I went to two lgs at least 5 times in the last three weeks. Today, I went to buy, but not what I thought. I fell in love with an XDM! It was love at first sight. It's a full size 9 mm. It came with a holster, dual mag pouch, two extra back straps, mag loader, and an extra mag. And get this, the mags hold 19 rounds. That's 19 +1 chambered for 20!!! It has a black frame and stainless slide. It's a beauty and to top it off the lgs had ammo! Will go to the range if it ever stops raining. Thanks to all for their advice on this forum.


----------



## literaltrance (Dec 24, 2008)

I envy you, if for no other reason than to know the only native competitors in capacity are the FiveSeven, assault rifles, and sub-machine guns.
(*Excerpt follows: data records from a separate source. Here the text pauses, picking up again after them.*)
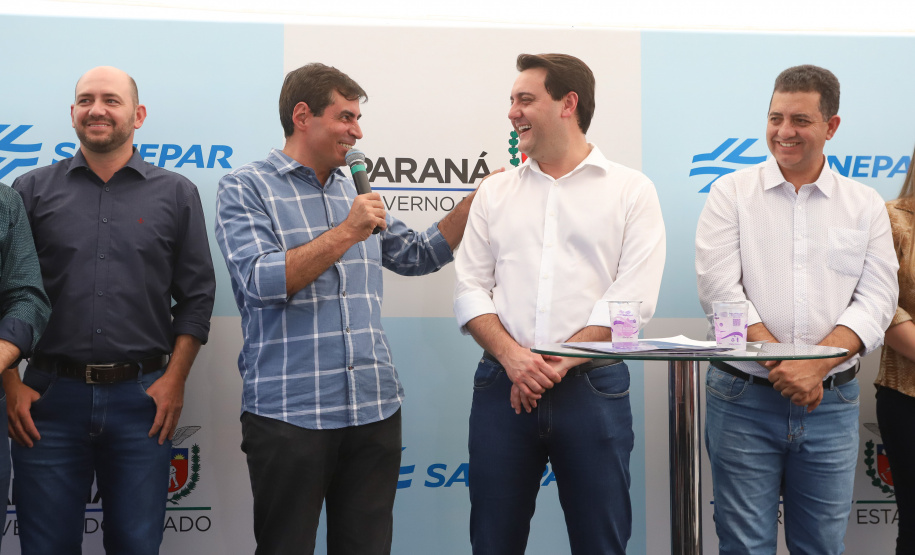 O governador Carlos Massa Ratinho Junior e o presidente da Sanepar, Cláudio Stábile, inauguraram nesta quinta-feira (11) um novo sistema de abastecimento de água em Londrina, capaz de atender quaisquer emergências ou inconstâncias na cidade. Londrina, 11/04/2019 - Foto: Rodrigo Felix Leal/ANPr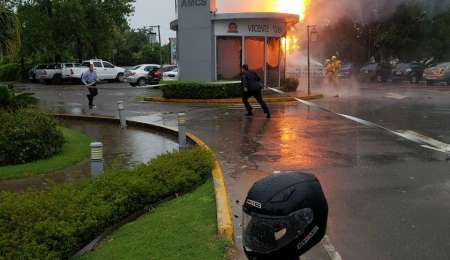 Un incendio en Sunchales destruyó el auto de Vicente Cipolatti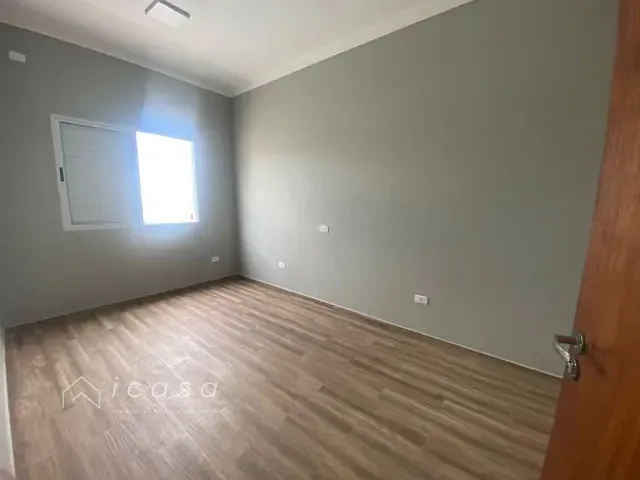 Casa com 300m² 3 quartos e 3 banheiros, à venda ou para alugar, no bairro Parque Senhor do Bonfim em Taubaté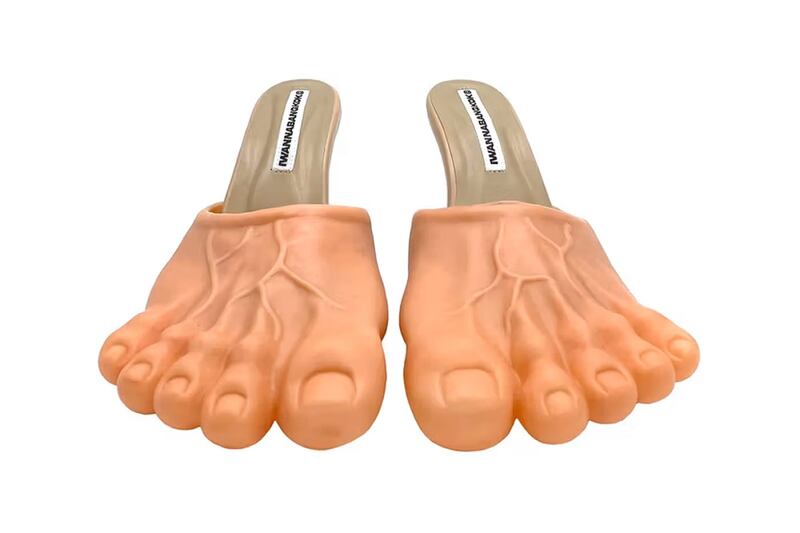 Zapatos de tacón con la forma de los pies de Big Foot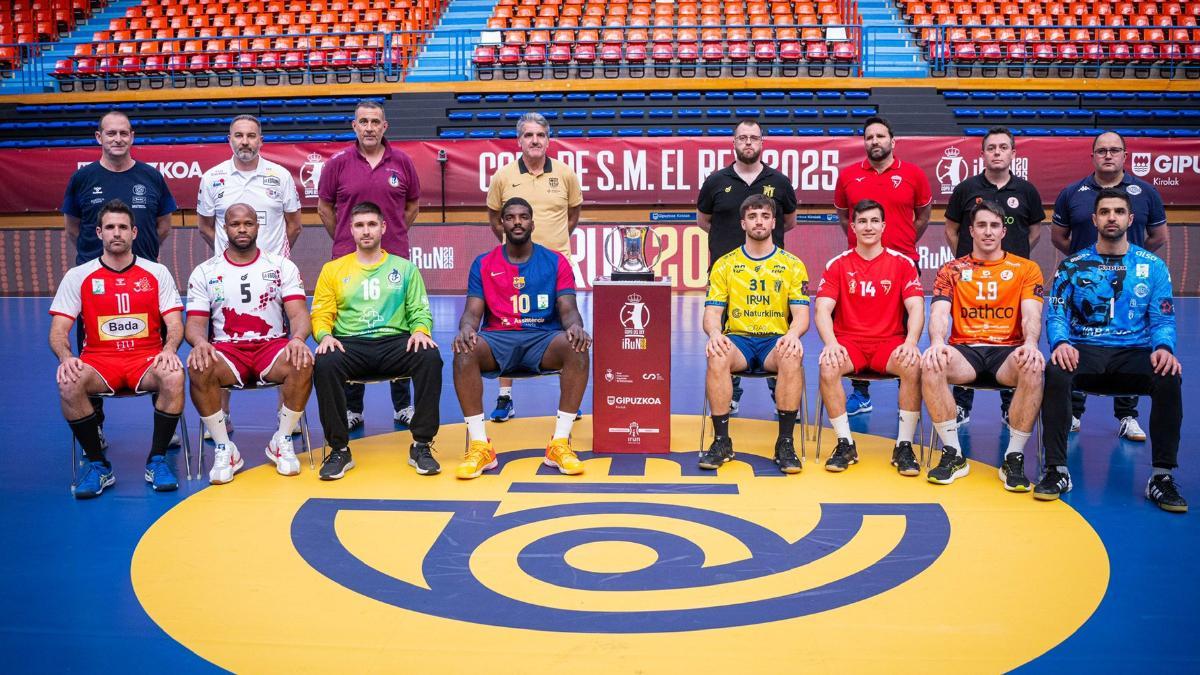 Los entrenadores y capitanes de los ocho equipos, junto al trofeo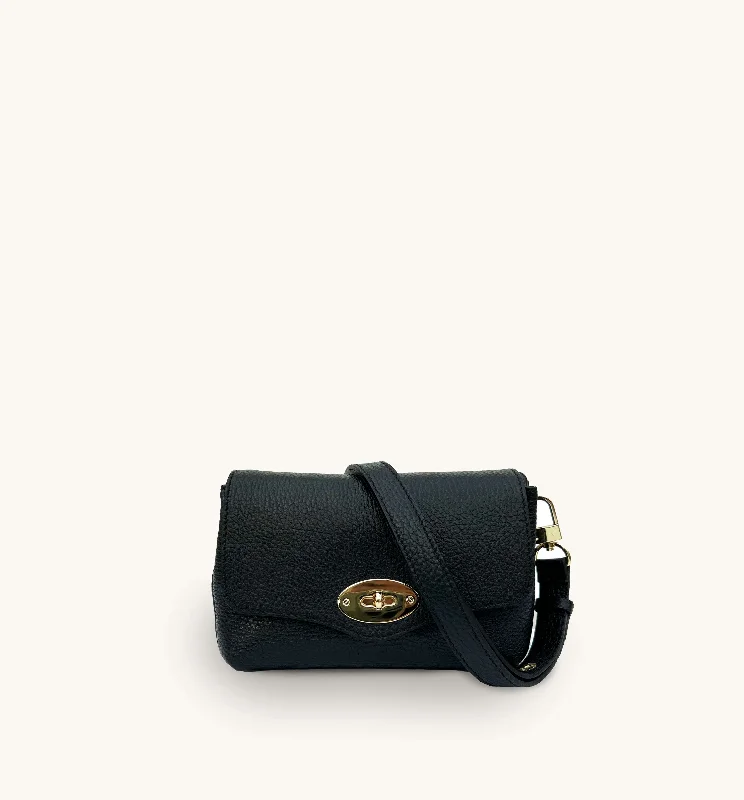  Elegant Purses At Clearance PricesThe Maddie Black Leather Bag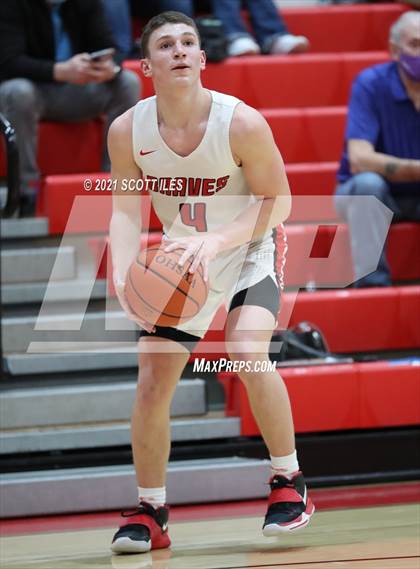 Thumbnail 1 in Amanda-Clearcreek vs Logan Elm photogallery.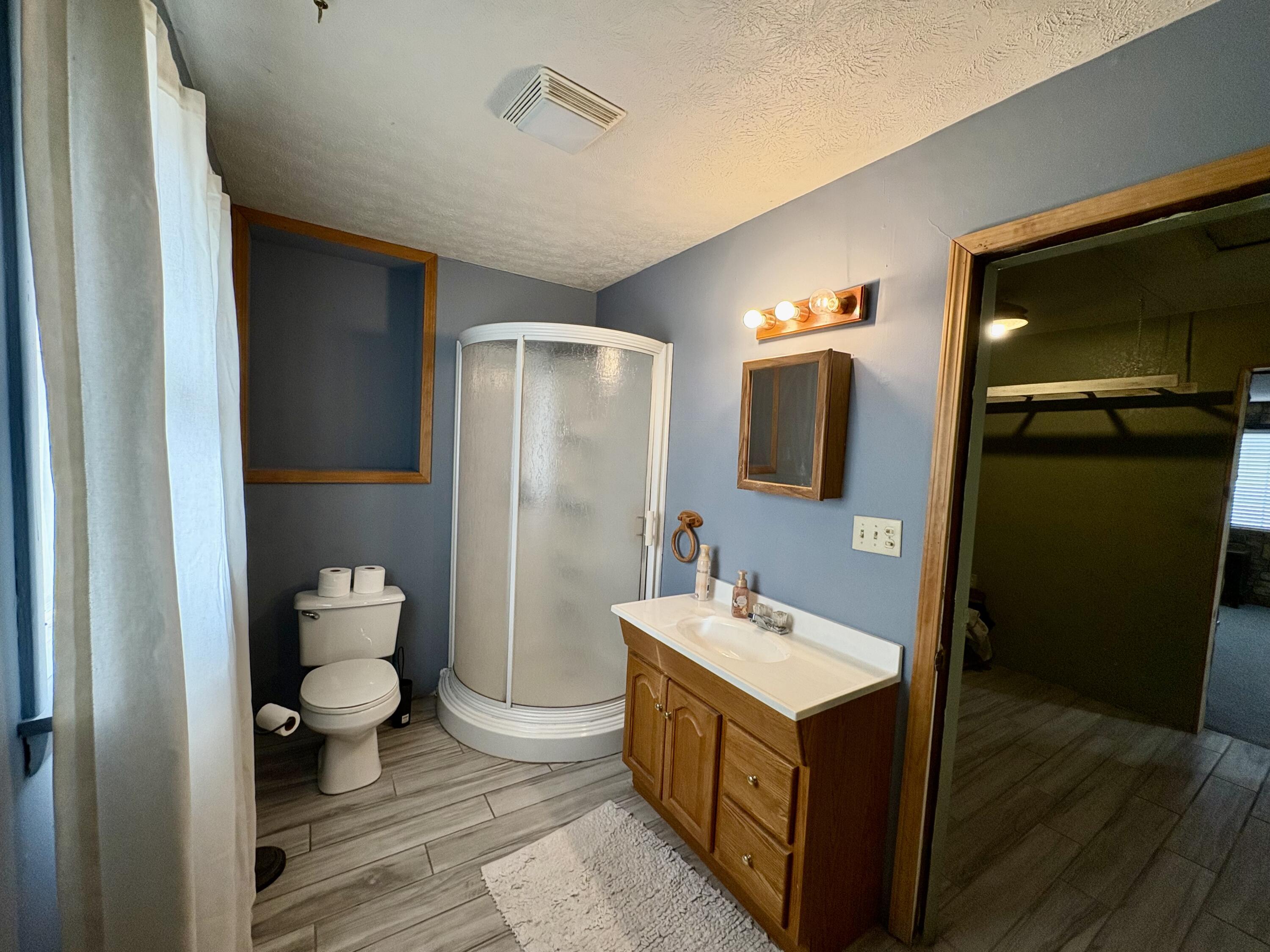 203 Wynes Circle Property Photo 34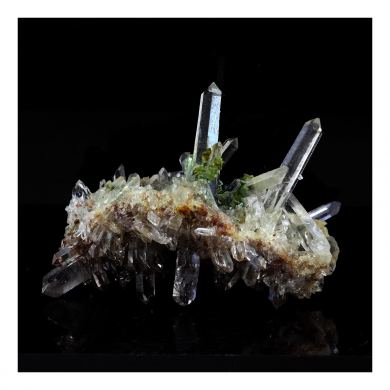 Quartz + Malachite. 169.5 ct.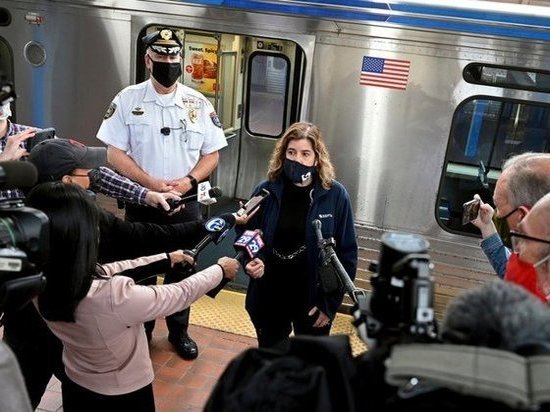 В США пассажиры поезда снимали на телефоны изнасилование женщины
I've shot the 40 but I bet I would enjoy the 9mm more. Hope she does you well.


----------



## unpecador (May 9, 2008)

nailer said:


> It's a beauty...


----------



## Lurchdubious (Nov 30, 2008)

Congrats! I just bought the same thing yesterday! I've been lusting after one for weeks now. ...I can't stop fondling it, lol. Hopefully I can go shoot it this weekend.


----------



## DevilsJohnson (Oct 21, 2007)

brokenimagebrokenimagebrokenimage


----------



## dkgreyf150 (May 31, 2009)

unpecador said:


>


x2 im thinkin about buying one of these


----------



## Dkillett (Dec 8, 2008)

I have the xdm 9mm as well. Absolutely love everything about it. I have a friend who is a die hard S&W owner. He is considering getting one as well. :smt1099


----------



## AC_USMC 03 (Apr 5, 2009)

you can train in the rain


----------



## spongebobmac (Sep 1, 2009)

x3,just bought a xdm .40, cant wait to get out there and put some through it , springfield really knew what they were doing here when they made this piece,i jus cant keep my hands off it , i carry it around like its a pet or sumn


----------



## xdm45 (Aug 1, 2009)

I really like mine; I got the XDM9 OD GREEN, shoots fantastic and feels great in my hand. You will enjoy. Now I am waiting for the XDM in .45 cal.


----------